Although economic growth is determined by several factors, health indicators are useful in assessing both the health of citizens and the economic status of the candidate countries. For instance, the EC sees Turkey as a powerful strategic partner based on not only its geographic location but its economic promise. This economic promise might be hindered if the health of the Turkish population remains the same. Analysis like this could prove beneficial for understanding the potential health and economic impact of accession into the EU. 

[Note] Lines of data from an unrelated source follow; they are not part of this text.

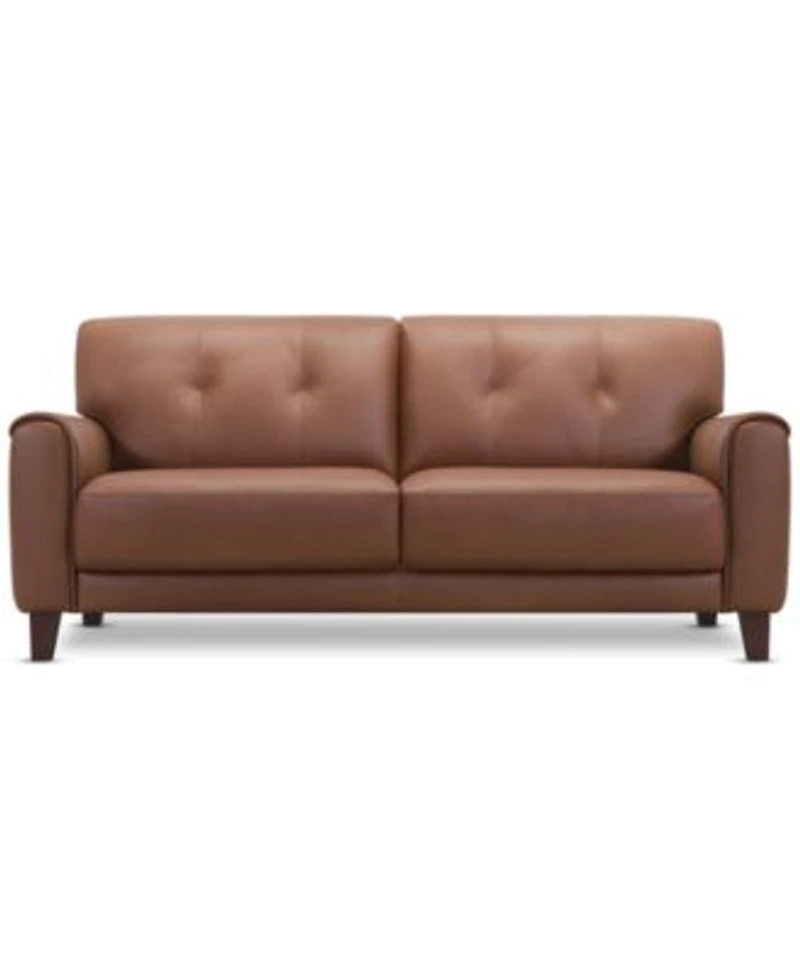 Ashlinn Leather Sectional Collection Exclusively At Macys
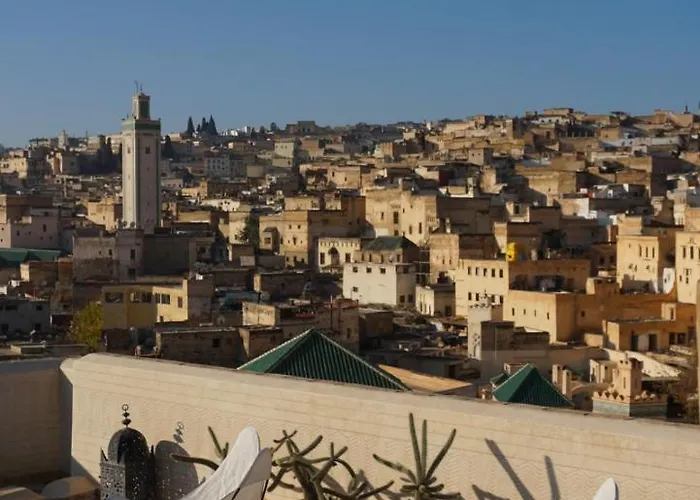 Hotel Dar Seffarine à Fès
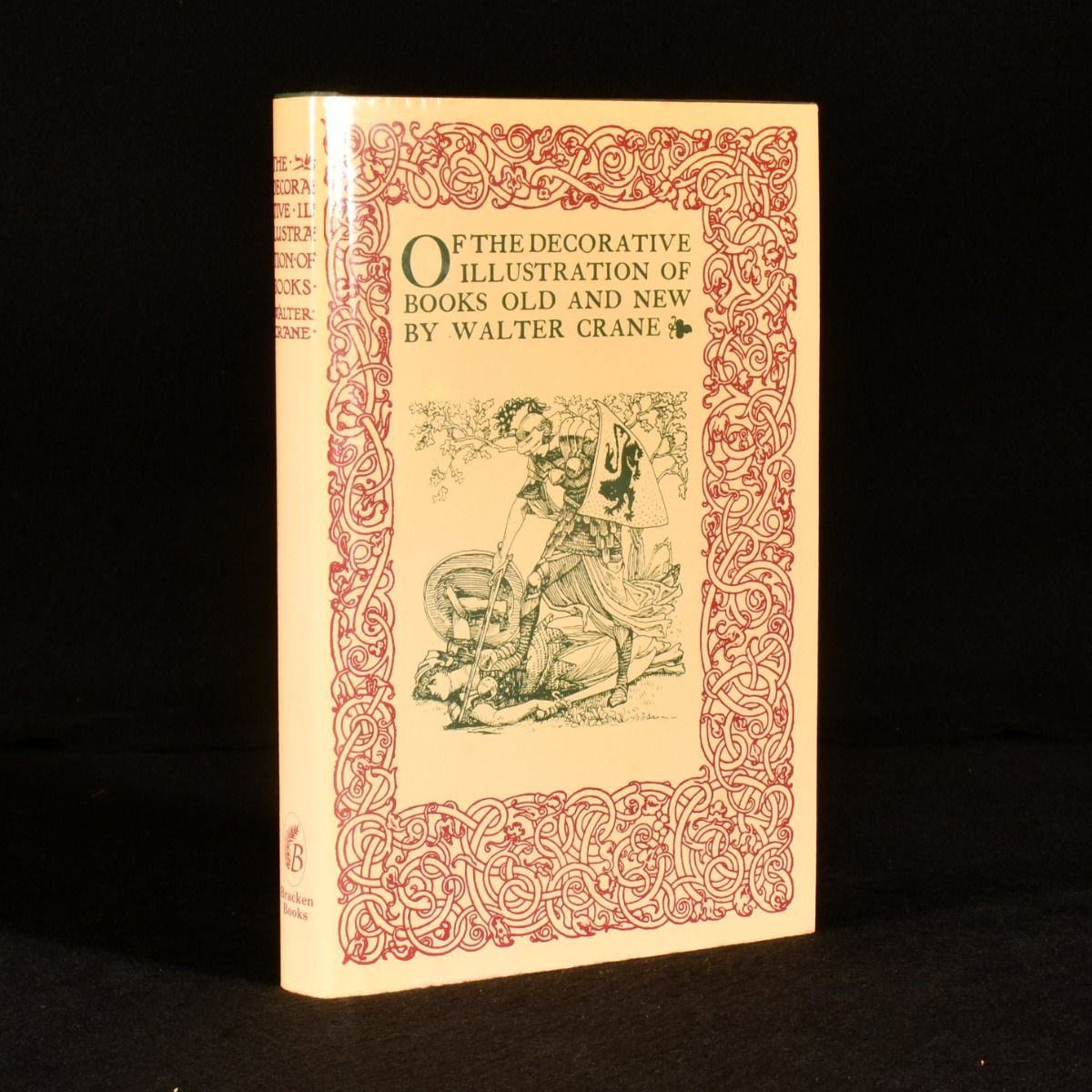 Walter Crane - Of the Decorative Illustration of Books Old and New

Beyond considering health for economic reasons, increased inclusion of health in accession negotiations could help assess candidate countries in a lens other than a political or economic one. As seen with the infant mortality rate in Turkey, analyzing population health may highlight social inequity that maybe difficult to see when looking solely at economic outcomes. Jennett argues that health is not a priority for candidate countries in the negotiation period because countries are focused on improving the political and economic aspects explicitly stated in the acquis (10). Because most of the acquis does not explicitly address health, candidate countries may be more inclined to focus policy changes on things that are directly assessed in accession negotiations. Improving health for all is a major goal of the EU, and so the EC should make health a more prominent part of the acquis. This would not only show countries that health should be a priority alongside economic and political progress, but would incentivize gains in population health status with the benefits of accession.

Conflicts of interest: None declared.